Some in the neighborhood say the home at 2353 Vineville once belonged to the first woman to receive a bachelor's from an accredited university.

MACON, Ga. — The Macon-Bibb Planning and Zoning Board Monday stopped a plan from the Big House Foundation to knock down a century-old Vineville home and build a garden in its place.

Neighbors worried about additional noise peeking through from Vineville Avenue, and from a rumored amphitheater. Others said the home once belonged to the first woman ever to receive a bachelor's degree from an accredited university: Catherine Brewer Benson.

The Big House Foundation says Brewer Benson never lived in the house, and that this house was built from outbuildings on her original property after she died.

Over the course of the almost two-hour long debate, one word remained central: history.
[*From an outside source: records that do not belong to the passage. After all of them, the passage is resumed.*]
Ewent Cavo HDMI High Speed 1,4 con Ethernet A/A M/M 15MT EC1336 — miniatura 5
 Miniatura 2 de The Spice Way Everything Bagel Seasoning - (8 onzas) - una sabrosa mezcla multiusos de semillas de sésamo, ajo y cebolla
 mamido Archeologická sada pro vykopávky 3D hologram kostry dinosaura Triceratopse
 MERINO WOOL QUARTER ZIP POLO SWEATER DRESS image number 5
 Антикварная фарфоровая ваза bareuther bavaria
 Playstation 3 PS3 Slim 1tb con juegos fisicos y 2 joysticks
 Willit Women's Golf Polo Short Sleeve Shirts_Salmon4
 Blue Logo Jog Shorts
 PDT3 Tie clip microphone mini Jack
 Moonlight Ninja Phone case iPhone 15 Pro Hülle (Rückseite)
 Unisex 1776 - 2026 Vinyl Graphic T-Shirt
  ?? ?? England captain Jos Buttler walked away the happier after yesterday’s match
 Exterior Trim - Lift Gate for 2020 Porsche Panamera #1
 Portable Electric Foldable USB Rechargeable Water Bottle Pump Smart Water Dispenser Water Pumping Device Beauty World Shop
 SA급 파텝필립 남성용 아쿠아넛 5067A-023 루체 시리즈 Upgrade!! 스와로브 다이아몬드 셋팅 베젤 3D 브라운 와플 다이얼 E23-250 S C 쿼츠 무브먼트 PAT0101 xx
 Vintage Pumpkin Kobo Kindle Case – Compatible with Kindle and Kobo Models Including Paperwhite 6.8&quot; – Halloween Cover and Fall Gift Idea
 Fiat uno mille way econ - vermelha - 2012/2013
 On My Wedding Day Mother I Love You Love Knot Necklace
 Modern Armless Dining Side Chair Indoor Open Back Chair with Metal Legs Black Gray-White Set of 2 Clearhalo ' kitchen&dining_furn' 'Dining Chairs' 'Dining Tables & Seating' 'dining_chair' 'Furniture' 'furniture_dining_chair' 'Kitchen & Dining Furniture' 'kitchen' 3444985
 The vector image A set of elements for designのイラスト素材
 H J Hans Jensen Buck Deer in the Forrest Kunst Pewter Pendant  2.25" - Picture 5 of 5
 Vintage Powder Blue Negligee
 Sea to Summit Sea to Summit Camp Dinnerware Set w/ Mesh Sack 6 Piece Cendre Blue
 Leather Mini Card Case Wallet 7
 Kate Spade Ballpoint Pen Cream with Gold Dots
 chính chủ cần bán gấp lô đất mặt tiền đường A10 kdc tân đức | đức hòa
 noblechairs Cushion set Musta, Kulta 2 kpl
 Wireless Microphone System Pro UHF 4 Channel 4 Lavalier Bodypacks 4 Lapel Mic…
Not the history of the house, but the history of the Vineville neighborhood.

Chris Clark loves his neighborhood in historic Vineville. He grew up there. It's home.

"We've got families, I raised my children there. We put down roots there," Clark said.

The rows of houses, manicured lawns and parks are some of his favorite things, but a green space the Big House proposed is not one of them.

"My main concern is that we're going to lose the streetscape that's presented by this house being on Vineville," Clark said.

The house at 2353 Vineville sits right next to the Big House. They say it's dangerous, and that there's actually a demolition order for the house. Their proposal to replace the house with a garden didn't fly with commissioners. They voted to fail the plan.

Now, it's back to the drawing board for the Big House. Commissioners told Jim Wells, the treasurer, that even though the plan was denied, they can come back with ideas on how to save the house. They said they'd also welcome a new home in its place.

Planning and Zoning commissioners said the main problem with the Big House proposal is that there would be too big of a space between houses. That's because historic neighborhoods like Vineville have certain requirements and restrictions, they said.

Wells declined an interview. He told us there was no backup plan.